◆ **The problem**
Verbatim copy without images: return all of the data as it stands.

◆ **Dataset excerpt**
=====

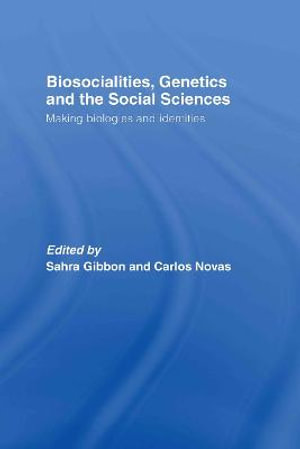 Biosocialities, Genetics and the Social Sciences : Making Biologies and Identities - Sahra Gibbon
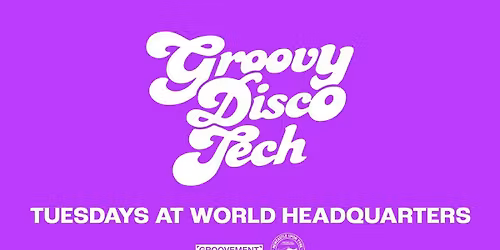GROOVY DISCO TECH \/\/ TUESDAYS AT WORLD HQ \/\/ 10TH MARCH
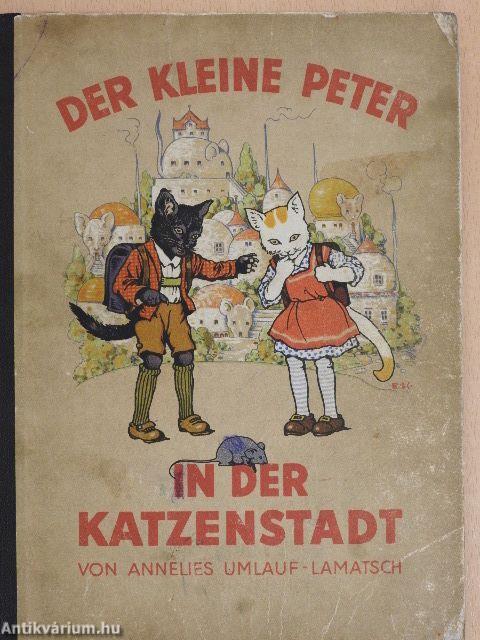 Der kleine Peter in der Katzenstadt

=====

◆ **Exercise solution**
 Biosocialities, Genetics and the Social Sciences : Making Biologies and Identities - Sahra Gibbon
GROOVY DISCO TECH \/\/ TUESDAYS AT WORLD HQ \/\/ 10TH MARCH
 Der kleine Peter in der Katzenstadt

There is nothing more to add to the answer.